For an explanation, see the main splats page
SPLATS about Agricultural technology
The technology of agriculture
Back to the top
- Humans have been practising agriculture for about 10,000 years after agriculture was independently invented in at least Mesopotamia, America and New Guinea.
- For all that we know, there may have been other independent inventions of agriculture in other societies, but so far, we have no evidence of this.
- The development of agriculture allowed humans to settle in one place and so have better shelter, and also own more possessions than they could carry around.
- Farmers were generally able to produce more food than they and their families needed, and this opened the way to some people being able to specialize.
- Some parts of the farming cycle left farmers with nothing to do but watch their crops grow. This gave them time to think, to observe, and perhaps even tinker.
- Farmers were able to observe the same basic situation, year by year, with slight differences that allowed them to observe cause and effect at close hand.
- One of the key changes that allowed agriculture was the development of systems of irrigation, but these required more organized societies to maintain them.
- The aqueduct was an early means of transporting water with no energy cost, using gravity to carry the water, although inverted siphons were also used at times.
- The aqueduct could work by gravity when builders could survey a suitable route, build supports and construct a waterproof channel to carry water without leaks.
- The qanat of ancient Persia was an early means of transporting water with no energy cost, relying on a tunnel going upwards, beneath the water table in hills.
- Irrigation, combined with agriculture, delivered regular food surpluses allowing some people to specialize in making things that they could sell or barter.
- Irrigation and agriculture together led to a society in which some people could become full-time soldiers and rulers, while others could become scholars.
- In 1630, Johann Glauber suggested the use of saltpeter, sodium nitrate, as a fertilizer, implying a recognition of the need for nitrogen when growing plants.
- In 1645 Sir Richard Weston described crop rotation as he saw it in Flanders: the first reference in English to the habit of using different crops in one field.
- Around 1701, Jethro Tull invented the seed drill, allowing farmers to sow seed more efficiently and more economically, increasing the efficiency of large farms.
- Most crops are grown as monoculture crops, making massive outbreaks of pests easier, but offering large economies of scale. Sprays make the risk less.
- Most sprays kill more than just the pests they are aimed at. Many of the pesticides are accumulated to dangerous levels, either in the soil or the food chain.

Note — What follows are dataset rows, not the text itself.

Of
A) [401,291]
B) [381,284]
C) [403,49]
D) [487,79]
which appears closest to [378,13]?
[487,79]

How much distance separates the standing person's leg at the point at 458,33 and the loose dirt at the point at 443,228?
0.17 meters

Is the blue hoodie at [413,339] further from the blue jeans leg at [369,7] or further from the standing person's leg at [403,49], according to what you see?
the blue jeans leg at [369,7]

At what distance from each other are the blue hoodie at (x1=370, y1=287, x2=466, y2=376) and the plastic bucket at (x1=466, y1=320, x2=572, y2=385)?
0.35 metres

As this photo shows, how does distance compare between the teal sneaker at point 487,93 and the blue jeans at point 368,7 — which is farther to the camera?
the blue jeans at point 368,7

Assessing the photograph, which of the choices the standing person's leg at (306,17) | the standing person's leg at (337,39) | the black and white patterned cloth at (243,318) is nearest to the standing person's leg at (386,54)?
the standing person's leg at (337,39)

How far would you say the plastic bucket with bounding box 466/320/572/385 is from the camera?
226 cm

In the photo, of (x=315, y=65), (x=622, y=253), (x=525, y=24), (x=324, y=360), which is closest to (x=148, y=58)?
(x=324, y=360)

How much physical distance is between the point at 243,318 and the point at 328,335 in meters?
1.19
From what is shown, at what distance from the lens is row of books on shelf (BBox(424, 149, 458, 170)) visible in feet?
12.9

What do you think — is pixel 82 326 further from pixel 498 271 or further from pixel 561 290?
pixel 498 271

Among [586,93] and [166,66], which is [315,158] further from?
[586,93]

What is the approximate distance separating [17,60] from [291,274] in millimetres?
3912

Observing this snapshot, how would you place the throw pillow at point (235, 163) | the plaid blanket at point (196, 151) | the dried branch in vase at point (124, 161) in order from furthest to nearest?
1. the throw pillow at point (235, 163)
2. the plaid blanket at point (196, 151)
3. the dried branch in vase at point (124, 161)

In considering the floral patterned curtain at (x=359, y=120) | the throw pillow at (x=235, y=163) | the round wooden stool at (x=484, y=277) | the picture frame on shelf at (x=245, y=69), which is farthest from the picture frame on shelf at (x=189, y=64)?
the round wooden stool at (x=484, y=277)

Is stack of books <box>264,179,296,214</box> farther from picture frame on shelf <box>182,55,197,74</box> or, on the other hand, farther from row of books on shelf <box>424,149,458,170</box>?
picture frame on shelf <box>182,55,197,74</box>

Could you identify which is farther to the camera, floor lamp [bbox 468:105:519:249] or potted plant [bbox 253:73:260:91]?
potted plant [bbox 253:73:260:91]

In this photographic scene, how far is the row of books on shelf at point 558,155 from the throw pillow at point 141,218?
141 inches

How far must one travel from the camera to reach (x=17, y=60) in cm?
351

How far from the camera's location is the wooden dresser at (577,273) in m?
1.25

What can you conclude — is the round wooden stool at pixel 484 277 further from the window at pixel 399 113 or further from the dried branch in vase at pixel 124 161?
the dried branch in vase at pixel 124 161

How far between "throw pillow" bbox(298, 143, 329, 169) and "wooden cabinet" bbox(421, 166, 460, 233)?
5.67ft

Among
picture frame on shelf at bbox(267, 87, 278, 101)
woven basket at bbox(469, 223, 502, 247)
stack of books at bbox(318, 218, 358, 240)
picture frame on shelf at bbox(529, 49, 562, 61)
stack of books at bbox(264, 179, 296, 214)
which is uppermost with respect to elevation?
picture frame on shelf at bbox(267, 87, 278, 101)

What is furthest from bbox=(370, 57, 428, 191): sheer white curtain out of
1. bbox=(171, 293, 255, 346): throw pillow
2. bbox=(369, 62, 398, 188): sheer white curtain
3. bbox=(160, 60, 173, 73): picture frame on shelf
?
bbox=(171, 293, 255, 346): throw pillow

- Many organohalogens are used as pesticides in farming, and the use of these pesticides in agriculture is driven by a consumer demand for blemish-free food.
- Overgrazing can be a problem in some situations, trading off long-term viability of a farm for short-term gain by a farmer. Economic pressures may favor this.

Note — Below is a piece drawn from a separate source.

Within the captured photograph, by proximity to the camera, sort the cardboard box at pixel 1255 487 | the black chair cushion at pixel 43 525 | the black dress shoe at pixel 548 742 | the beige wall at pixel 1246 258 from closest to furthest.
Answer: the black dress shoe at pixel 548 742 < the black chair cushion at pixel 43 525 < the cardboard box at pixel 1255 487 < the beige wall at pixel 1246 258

- In many cases, the energy output from a farm in the form of food is less than the energy input in terms of materials like fertilizer and pesticides, and fuel.
This file is http://members.ozemail.com.au/~macinnis/scifun/splatstechag.htm, first created on January 25, 2006. Last recorded revision (well I get lazy and forget sometimes!) was on January 25, 2006.

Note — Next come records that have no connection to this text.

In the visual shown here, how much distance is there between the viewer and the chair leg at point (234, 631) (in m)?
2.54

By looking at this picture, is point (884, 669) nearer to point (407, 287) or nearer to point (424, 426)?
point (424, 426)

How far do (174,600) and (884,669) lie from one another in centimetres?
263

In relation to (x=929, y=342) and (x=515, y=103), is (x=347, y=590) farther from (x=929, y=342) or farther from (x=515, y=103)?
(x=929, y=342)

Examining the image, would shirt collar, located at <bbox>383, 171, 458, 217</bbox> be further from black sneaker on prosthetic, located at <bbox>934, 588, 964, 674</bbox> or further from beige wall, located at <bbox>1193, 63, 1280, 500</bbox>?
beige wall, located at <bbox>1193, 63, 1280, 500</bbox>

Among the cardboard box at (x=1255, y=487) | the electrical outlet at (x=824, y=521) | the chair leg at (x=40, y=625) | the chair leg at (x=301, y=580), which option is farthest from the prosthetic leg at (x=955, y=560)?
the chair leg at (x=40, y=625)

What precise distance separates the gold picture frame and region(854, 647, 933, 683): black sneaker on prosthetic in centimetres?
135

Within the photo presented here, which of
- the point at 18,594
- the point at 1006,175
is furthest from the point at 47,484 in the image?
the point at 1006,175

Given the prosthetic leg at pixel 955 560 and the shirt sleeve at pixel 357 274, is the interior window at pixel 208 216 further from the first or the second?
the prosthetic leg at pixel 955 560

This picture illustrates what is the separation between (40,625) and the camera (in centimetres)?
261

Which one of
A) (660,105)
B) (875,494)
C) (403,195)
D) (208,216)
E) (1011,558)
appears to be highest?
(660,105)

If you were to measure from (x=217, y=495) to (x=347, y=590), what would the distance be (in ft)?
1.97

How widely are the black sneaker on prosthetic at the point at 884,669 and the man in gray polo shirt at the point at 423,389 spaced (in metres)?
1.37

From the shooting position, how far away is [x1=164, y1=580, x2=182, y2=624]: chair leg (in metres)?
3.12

©The author of this work is Peter Macinnis, who asserts his sole right to the product as it is packaged here, recognising that many of the ideas are common. You are free to use this as a model to do your own version. Copies of this whole file or site may be made and stored or printed for personal or educational use. You can contact me at firstname.lastname@example.org, but only if you add my first name to the front of that email address -- this is a low-tech way of making it harder to harvest the e-mail address I actually read.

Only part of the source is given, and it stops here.